ML/AI Projects

Sentiment-Driven Stock Market Prediction using Twitter Data (Current Project)
  • Currently developing an MLOps pipeline for real-time sentiment analysis of Twitter data.
  • Extracting sentiment-related features using natural language processing (NLP) techniques (BERT/VADER), integrated with stock price trends, and training predictive models for stock market performance.
Energy Consumption Prediction of Residential Buildings using Machine Learning [Manuscript]
  • Collaborated with a team to analyze energy benchmarking datasets from eight U.S. metropolitan areas.
  • Conducted a comprehensive study utilizing extreme gradient boosting (XGBoost), random forests (RF), and artificial neural networks (ANN) to predict energy consumption in residential buildings.
An Attention-Based Deep Learning Model of Clinical Events in the Intensive Care Unit
  • Used the MIMIC-III dataset, which consists of anonymized data from over 40,000 patients.
  • Collaborated with a team to develop a deep learning model utilizing gated recurrent units (GRUs) and an attention mechanism, a transformer-like mechanism, to predict clinical events.
Estimating Energy Consumption in Residential Buildings in the City of Chicago [Manuscript]
  • Outstanding project of the quarter in CS230 Deep Learning at Stanford University.
  • Used the 2018 Chicago Energy Benchmarking dataset and implemented various machine learning models, including support vector machines (SVM), RF, and ANN, and conducted a comparative study.
Exploring Better Ways to Segment Lecture Videos Based on Topic Transition
  • Contributed as a team member to develop a model for segmenting lecture videos.
  • Utilized probabilistic latent semantic analysis (PLSA) as a generative approach to model text data and analyze lecture transcripts to identify topic transitions.

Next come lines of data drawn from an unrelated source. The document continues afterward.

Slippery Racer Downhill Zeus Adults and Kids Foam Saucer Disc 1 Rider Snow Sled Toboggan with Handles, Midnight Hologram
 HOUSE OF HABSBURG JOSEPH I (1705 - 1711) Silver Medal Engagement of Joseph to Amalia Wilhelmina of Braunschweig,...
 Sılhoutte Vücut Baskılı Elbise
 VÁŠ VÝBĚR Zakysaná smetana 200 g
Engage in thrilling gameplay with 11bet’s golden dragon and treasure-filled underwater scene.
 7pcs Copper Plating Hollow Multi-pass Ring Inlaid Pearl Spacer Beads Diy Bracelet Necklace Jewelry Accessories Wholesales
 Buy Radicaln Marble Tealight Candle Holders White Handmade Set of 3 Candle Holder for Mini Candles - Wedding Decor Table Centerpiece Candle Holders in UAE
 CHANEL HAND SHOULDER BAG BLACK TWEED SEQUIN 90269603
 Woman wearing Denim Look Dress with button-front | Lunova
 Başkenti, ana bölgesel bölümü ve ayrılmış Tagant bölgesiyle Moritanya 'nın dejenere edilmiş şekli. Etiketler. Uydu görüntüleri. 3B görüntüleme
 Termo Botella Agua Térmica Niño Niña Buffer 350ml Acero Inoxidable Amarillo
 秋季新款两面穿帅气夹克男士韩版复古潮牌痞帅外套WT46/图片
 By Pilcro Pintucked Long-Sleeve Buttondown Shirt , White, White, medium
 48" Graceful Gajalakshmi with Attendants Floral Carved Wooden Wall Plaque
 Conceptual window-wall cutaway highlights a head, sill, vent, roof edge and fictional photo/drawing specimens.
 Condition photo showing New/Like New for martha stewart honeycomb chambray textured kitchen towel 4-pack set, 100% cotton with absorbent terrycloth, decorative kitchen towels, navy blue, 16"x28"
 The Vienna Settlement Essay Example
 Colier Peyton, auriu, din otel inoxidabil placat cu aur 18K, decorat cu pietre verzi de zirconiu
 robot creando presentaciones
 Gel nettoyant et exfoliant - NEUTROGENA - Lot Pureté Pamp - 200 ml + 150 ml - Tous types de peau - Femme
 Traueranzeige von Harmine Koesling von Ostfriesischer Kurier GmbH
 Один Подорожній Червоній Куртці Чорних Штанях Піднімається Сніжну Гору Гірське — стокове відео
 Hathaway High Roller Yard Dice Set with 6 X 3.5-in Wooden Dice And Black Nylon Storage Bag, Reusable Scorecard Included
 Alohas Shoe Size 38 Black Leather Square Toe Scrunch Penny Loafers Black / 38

Data Visualization Projects

Visualizing data using Tableau

Computational Mechanics Projects

Modeling Soil Large Deformation [Manuscript]
  • Partnered with a team to develop a three-invariant continuum cap plasticity model for large soil deformations, capturing nonlinear shear, compaction, and tensile behaviors under various loading conditions​.
  • The proposed model incorporates viscoplastic regularization to address rate-dependent effects and improve stability during softening, enabling accurate simulations of soil mechanics like triaxial compression and shear band formation.
Modeling Strain Localization [Manuscript]
  • Built a computational framework using the enhanced finite element method (EFEM), which is capable of modeling geomaterial failure caused by strain localization such as fracture, cracks, slip lines, and shear bands.
  • Investigated plasticity- and damage-like softening models to capture failure response in brittle geomaterials.
Modeling Dynamic Contact (3-Dimensional) [Manuscript]
  • Cooperated with a group to design a 3D dynamic modeling method for powder forming processes using an efficient node-to-surface contact algorithm for evaluating density distribution during powder compaction.
  • The method incorporates large finite element deformations and frictional contact modeling, improving accuracy in simulating powder compaction and predicting non-uniform density distribution.
Modeling Dynamic Contact (2-Dimensional) [Manuscript]
  • Participated as a key team member in implementing a computational algorithm for the dynamic simulation of powder compaction processes using a node-to-segment contact model and a double-surface cap plasticity theory.
  • The algorithm efficiently handles large frictional contact deformations, accurately simulating stress and density distributions in powder die-pressing with various component geometries​.
Modeling Contact (3-Dimensional and Static Analysis) [Manuscript]
  • Played a collaborative role in a team to model 3D large plastic deformation in powder forming using a node-to-surface contact algorithm with penalty and augmented-Lagrange methods for frictional contact simulation​.
  • The model successfully predicts non-uniform density and stress distributions, demonstrating efficiency through practical examples like deep drawing, tablet pressing, and shaped-charge liner compaction.